Ellen Brown.pngToday’s guest blog is by Ellen Brown, certified professional coach in Cleveland, Ohio who works with clients, by phone, all over the country, to help them overcome their challenges with courage, hope and optimism. She is also a regular contributor to ShareWIK.com.
My journey began about 11 years ago, when I was working as a home-based writer, and memories of sexual abuse and rape suddenly began flooding my consciousness. It was a good thing I was self-employed, at the time, because what happened over the course of the next few years sent me spiraling out of control.
In the beginning, I experienced intense flashbacks and body memories, which forced me to re-live the abuse that occurred when I was young. At times, I was blind-sided by waves of physical and emotional pain.
At first, I couldn’t believe what was happening to me, and hoped and prayed I was inventing these horrifying images. That the physical pain I was feeling was fake. That I was creating these fantasies. Because that was more comforting than believing that the people I trusted had betrayed me.
But the more I resisted, the more the memories persisted. On and on, like a nightmare that would seemingly never end.
The good news is that when I finally allowed myself to believe the memories were true, the flashbacks and body memories tapered off and eventually stopped. But there was still plenty to overcome.

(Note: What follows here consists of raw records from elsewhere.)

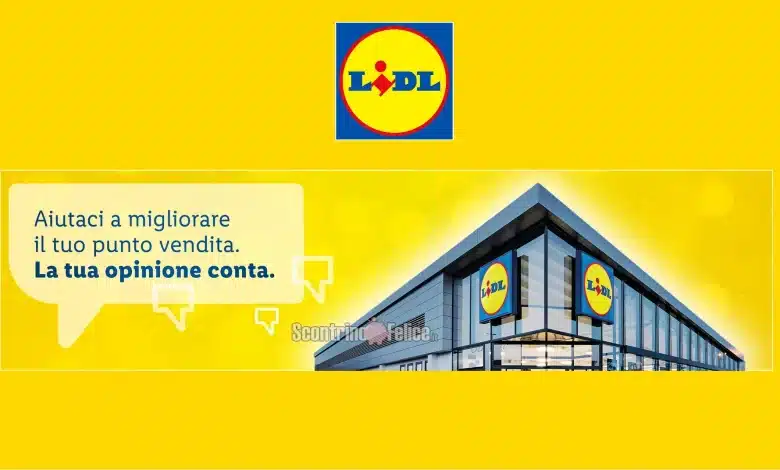 Concorso Lidl La Tua Opinione Conta 2025: vinci buoni spesa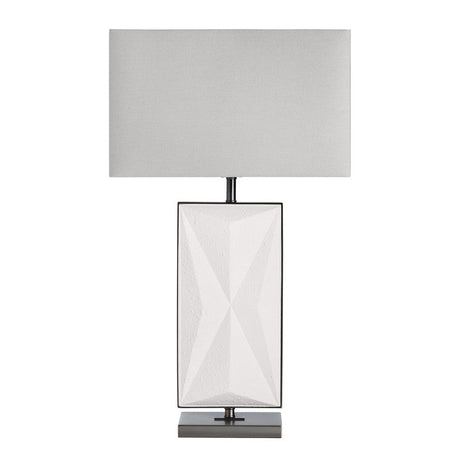 Rylan White Table Lamp (Set of 2) by Crestview at Eve Furniture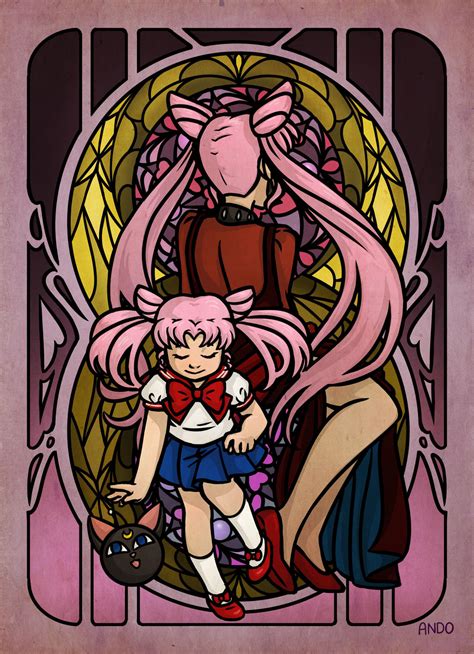 Chibi Moon And Black Lady By Draw Out Loud On Deviantart
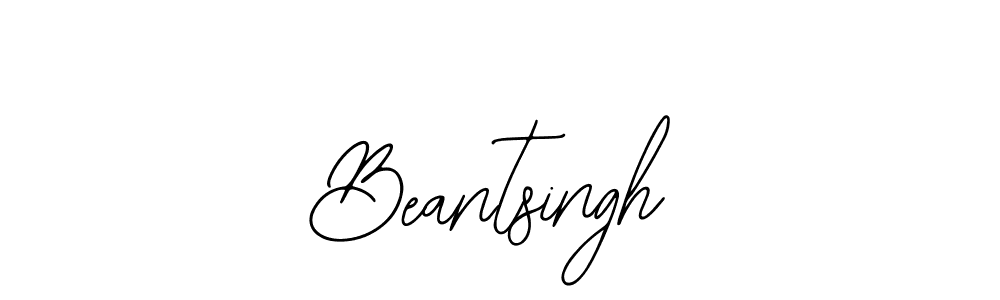 Create a beautiful signature design for name Beantsingh. With this signature (Bearetta-2O07w) fonts, you can make a handwritten signature for free. Beantsingh signature style 12 images and pictures png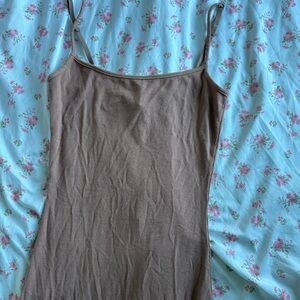 SKIMS Brown/Pink Maxi Dress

Over the course of the next several years, I did a great deal of healing, in therapy and support groups and with the help of my wonderfully loving husband, Jeff and some supportive survivor friends.
Dealing with Abuse Takes Time, But How Much Time?
They say that dealing with child abuse or any difficult loss takes time, and that’s true. But in my opinion, it doesn’t need to take THAT much time, and sometimes, if you’re not careful, it can take a lifetime to move beyond the pain. One day, I realized that my life was slipping away, and I had allowed my entire identity to become tied up in being a “survivor.”
At that point, I realized I had a choice. I could continue to wear my “survivor label” like a badge of honor and blame others for what I didn’t like about my life. Or I could take responsibility for my life, and realize that my past didn’t have to define me. Yes, I was a survivor of sexual abuse and rape, but I was so much MORE than that. I didn’t want to just survive, I wanted to THRIVE!
It was probably no coincidence that I began exploring my spirituality at this same time. I had never been religious, (and I’m still not) but suddenly I wanted to believe that all these memories had bubbled up for a reason, that there WAS, in fact, some divine plan. That something good would come of these horrible revelations.